There is no authority which requires individual consideration for each item in an agreement: consideration for the entire agreement is sufficient – the consideration supports every obligation in the agreement.14 Far from consideration needing to be coextensive or even proportionate, the value or measurability of the thing forborne or promised is not crucial so long as it is acceptable to the parties.15 The consideration which supports a contract need not be equal on both sides, if a minimal yielding of a position by one side promotes an agreement, then it will be deemed enforceable.16 It is competent for parties to make whatever contracts they please, so long as there is no fraud or deception or infringement of law; a hard bargain does not deprive a contract of validity.17

“Mutuality,” in the sense of requiring reciprocity, is not necessary when a promisor receives other valid consideration.18 The adequacy of consideration is not a proper subject for judicial scrutiny, the slightest consideration is sufficient to support the most onerous obligation,19 even if the consideration exchanged is grossly unequal or of dubious value.20 Inadequacy is for the parties to consider at the time of making the agreement and not for the court when it is sought to be enforced.21 Courts do not need to measure the extent either of benefit to the promisor or of detriment to the promisee; if a person chooses to make an extravagant promise for an inadequate consideration, be it never so small, it is his own affair.22

Jessup v. Weir, 168 AD2d 428 (2nd Dept., 1990), upheld a transfer of the wife’s property interest in exchange for the completion of her husband’s divorce action against her in time for her scheduled remarriage.

Dissolution of Marriage

It is settled “strong public policy” that the law’s purpose is to preserve the continuity of marriage rather than to destroy the marriage relationship.23 All agreements that are supported by a consideration or an inducement tending to encourage the severance of the marriage are abhorrent to public policy, and are therefore illegal and unenforceable.24 The subject provision in P.B. did no such thing. Stat. §§177, 240; DRL §236B(3).
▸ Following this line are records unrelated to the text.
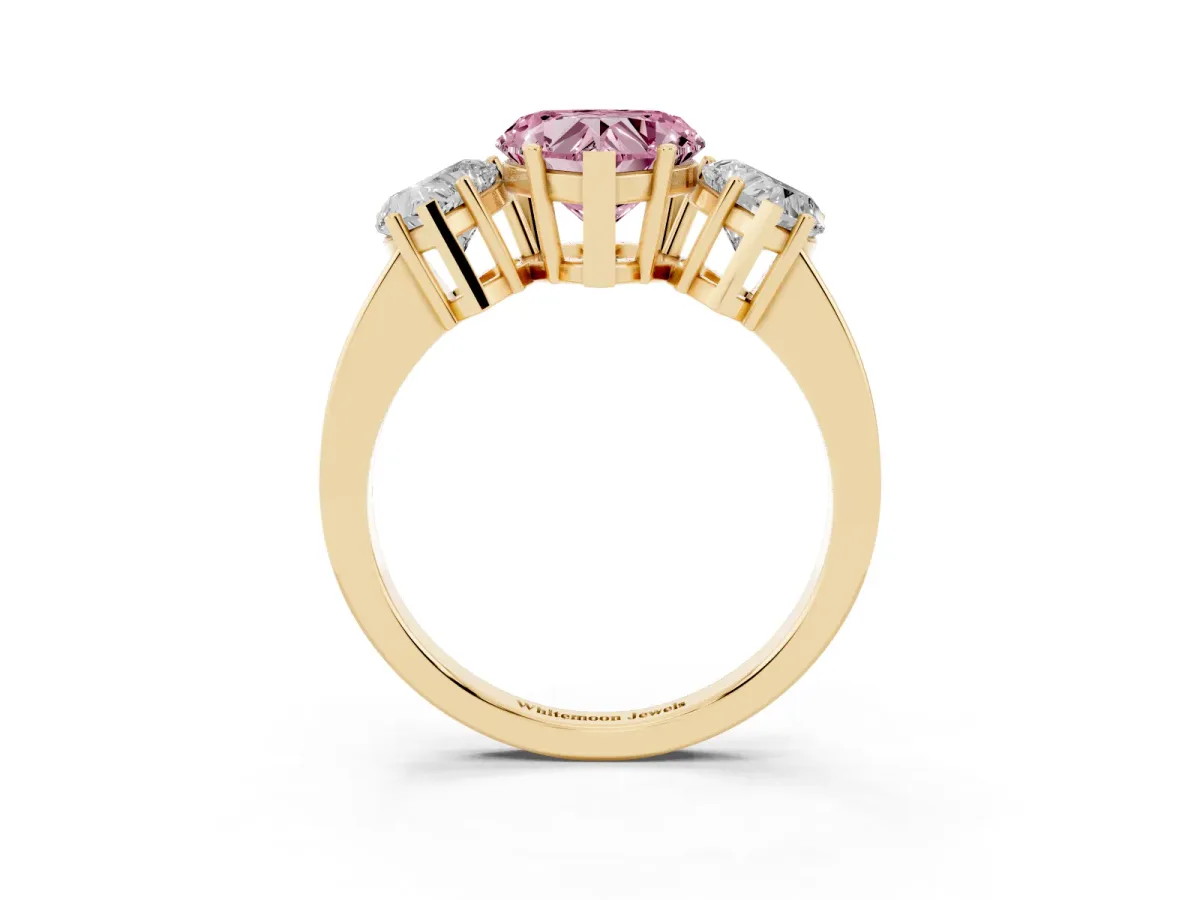 Fancy Pink Three-Stone Heart Cut Cut Diamond Engagement Ring with Flat Band and Four-Prong Setting Yellow gold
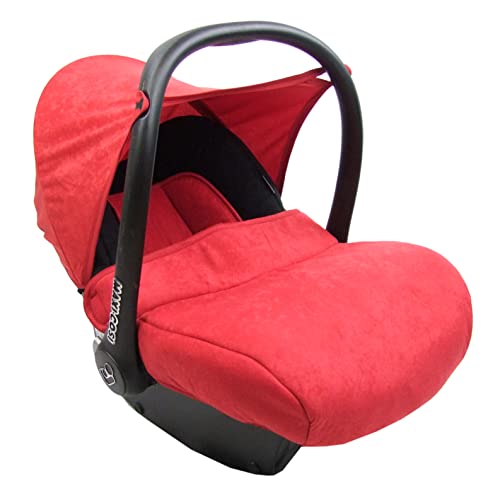 BAMBINIWELT Bezug Ersatzbezug kompatibel mit Maxi-Cosi CabrioFix für Babyschale 7-tlg Komplett-Set (schwarz-rot)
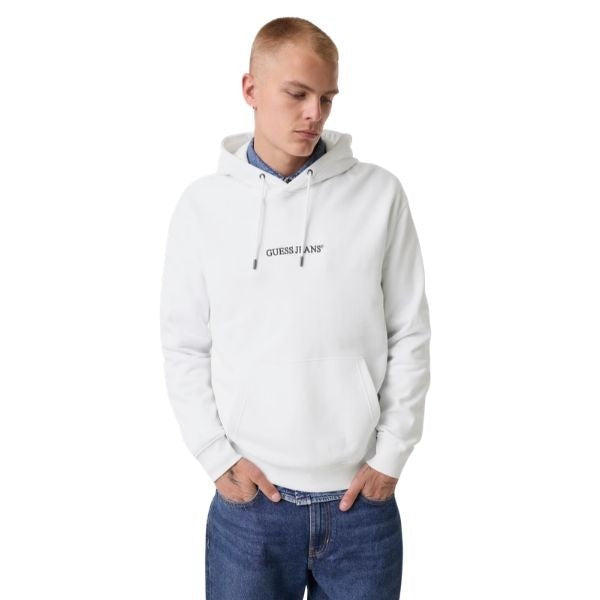 GUESS felpa uomo con tascone frontale a marsupio logo ricamato e profilo a costine colore bianco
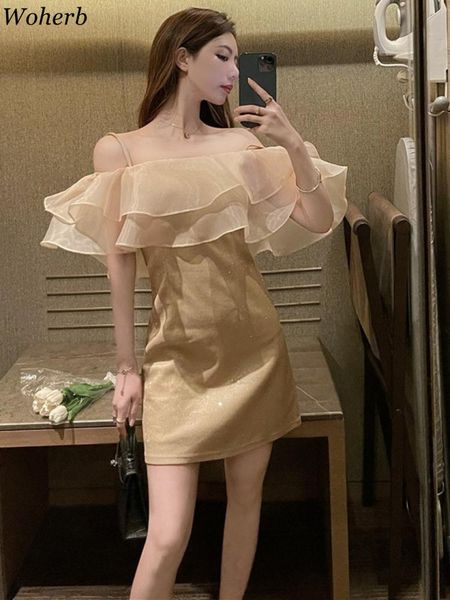 

dresses woherb ruffle patchwork off shoulder mini dress women spaghetti strap elegant party dresses 2022 summer club night vestido, Black;gray
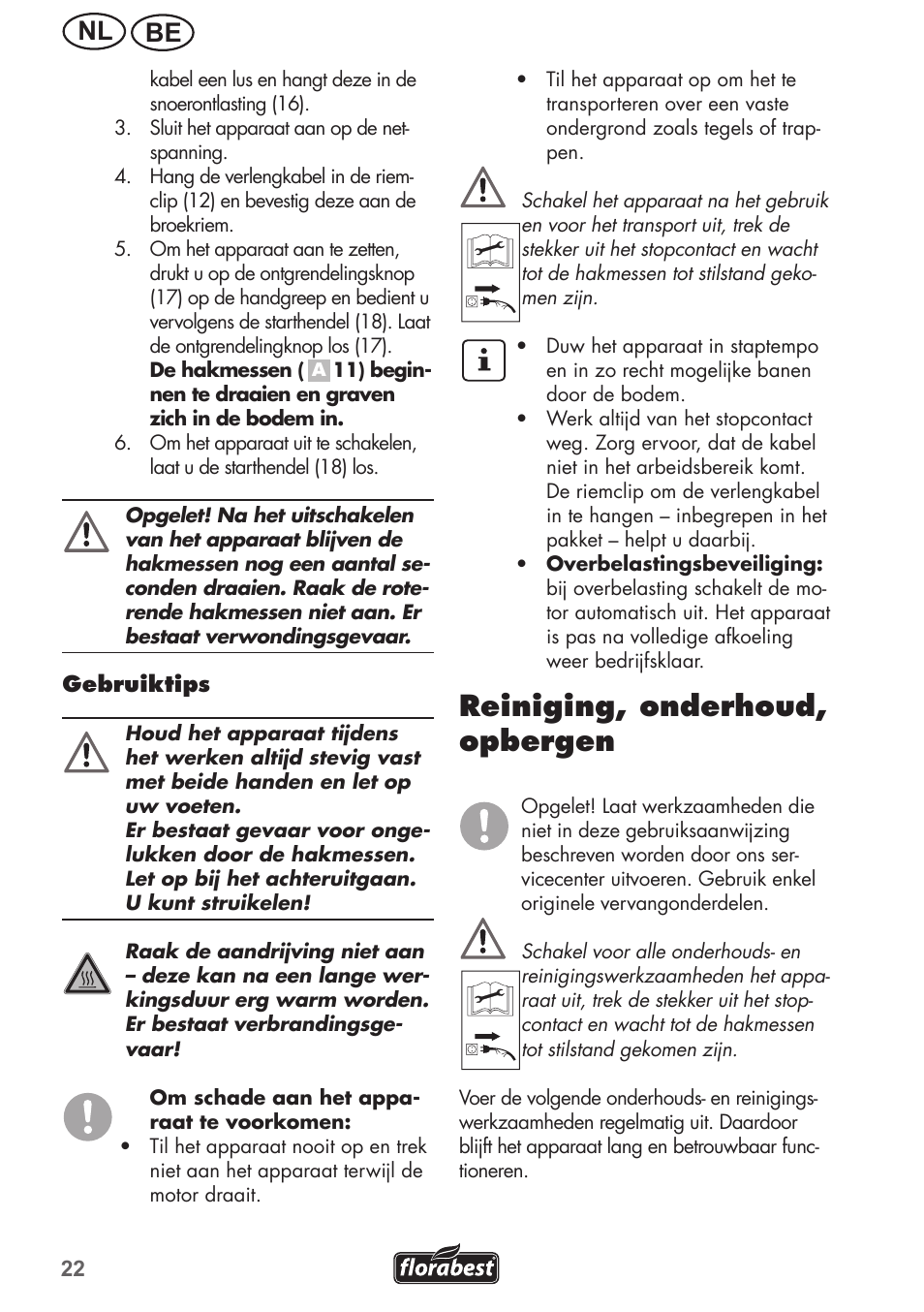 Reiniging, onderhoud, opbergen, Nl be | Florabest FGH 710 A1 User Manual | Page 22 / 52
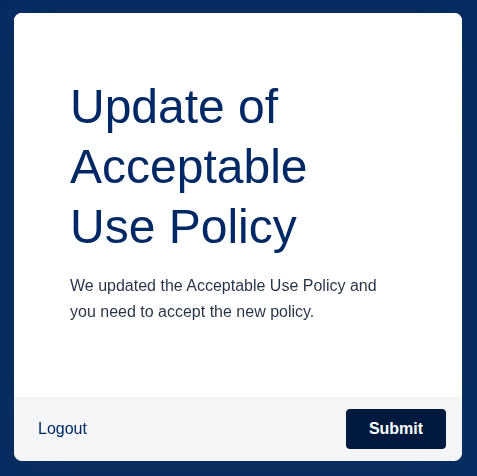 Update of the general policy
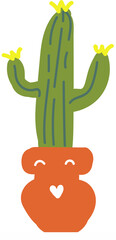 cactus in pot illustration 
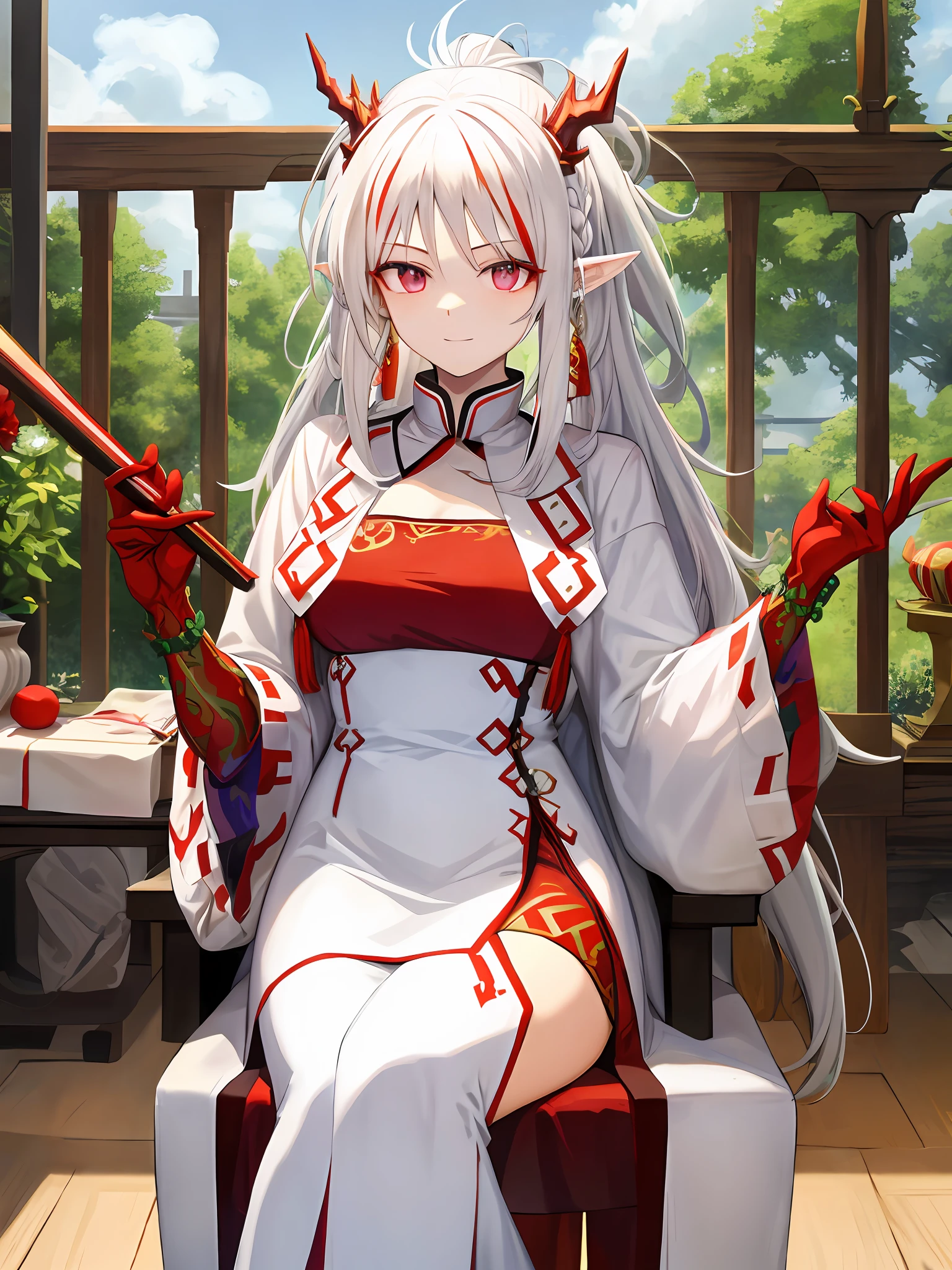 White hair, red eyes, royal sister, long hair, ancient style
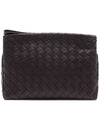 Intrecciato Leather Clutch Bag Dark Brown - BOTTEGA VENETA - BALAAN 5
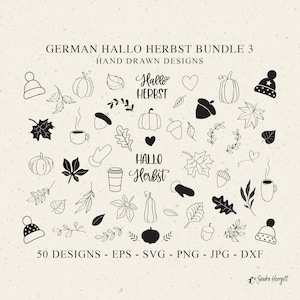 Arquivo de plotter Herbst alemão Svg Dxf Png Eps Jpg Botanical Cricut Leaf Silhouette Cute Pumpkin Clipart Hallo Vinyl Cut File chapéu bolota bebida
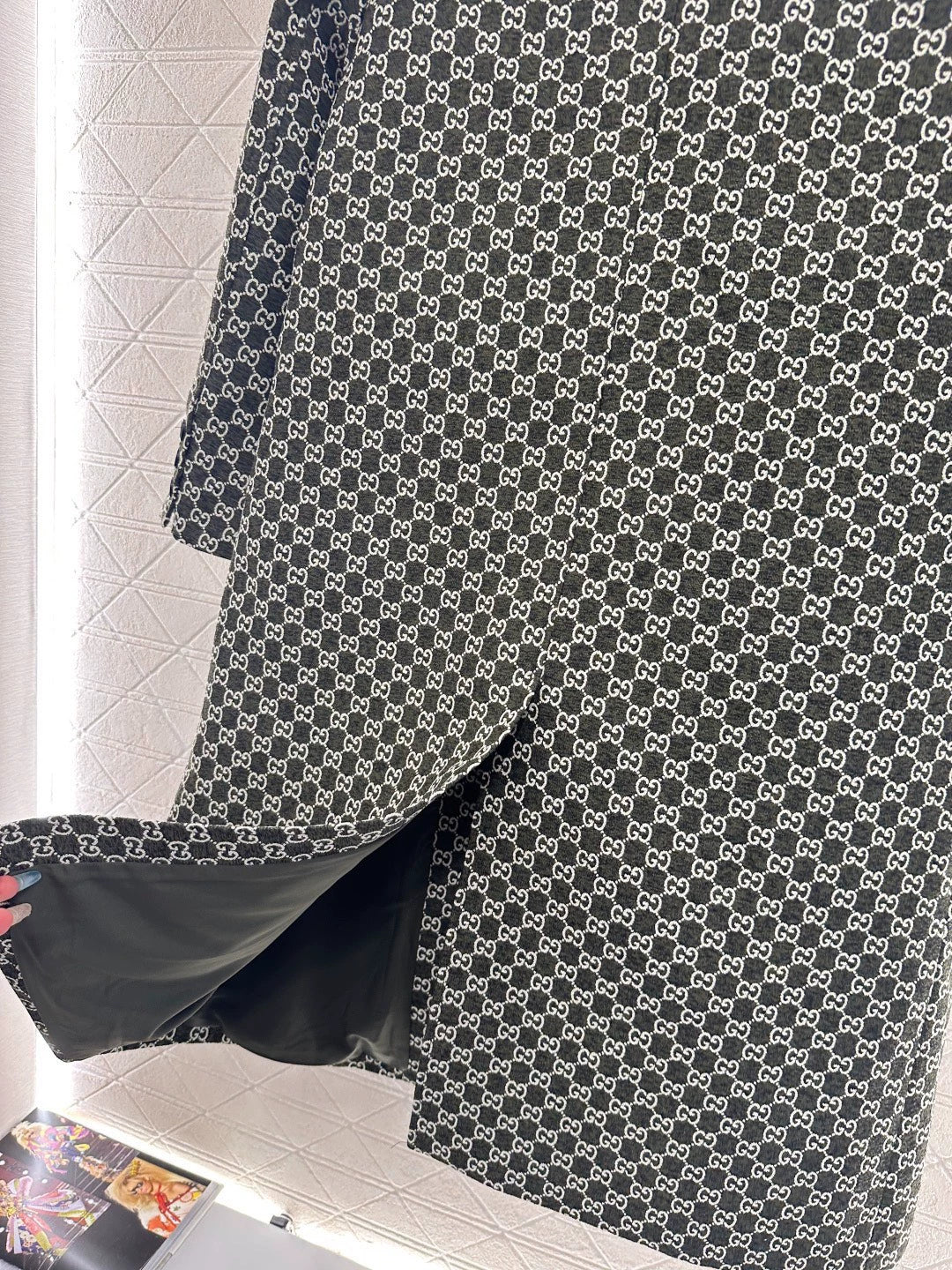 Flip collar jacquard long coat jacket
P.B. commences the construction of an erroneous argument by stating: “Nowhere in DRL §236(B)(3) is there a provision specifying that agreements may contain waivers of a party’s fundamental right to seek a divorce after a year, or for that matter, any other kind of waiver.” P.B. misapplies Statutes §240:

It is a universal principle in the interpretation of statutes that expressio unius establish exclusio alterius, Statutes §240 . . . , that is, the specific mention of one thing implies the exclusion of other things. As otherwise expressed, where a law expressly describes a particular act, thing or person to which it shall apply, an irrefutable inference must be drawn that what is omitted and not included was intended to be omitted and excluded . . . . Where a statute creates provisions as to certain matters, the inclusion of such provisions is generally considered to deny the existence of others not mentioned.


As such, the “opt out” provisions of DRL §236(B)(3) [(1) wills and election against an estate; (2) property distribution; (3) spousal maintenance; and (4) custody and child support] do not provide legal cover to contracts purporting to opt out of the provisions of DRL §170. Even under this erroneous argument, a provision intertwined with spousal maintenance is protected under §236B(3), so that the not uncommon provision to withhold commencement of an action for divorce beyond the statutory minimum as a means of continuing medical insurance for the uncovered spouse indisputably falls under the §236(B)(3) umbrella.

Furthermore, P.B.’s argument regarding the absence of consideration fails again because the husband might otherwise have been obligated to contribute towards such insurance. Additionally, Stat. §177 provides:

The Legislature ordinarily uses appropriate language in statutes to express its intention, and, as a general rule, if there is nothing in an act or surrounding circumstances to indicate a contrary intention, words of command are construed by the courts as peremptory.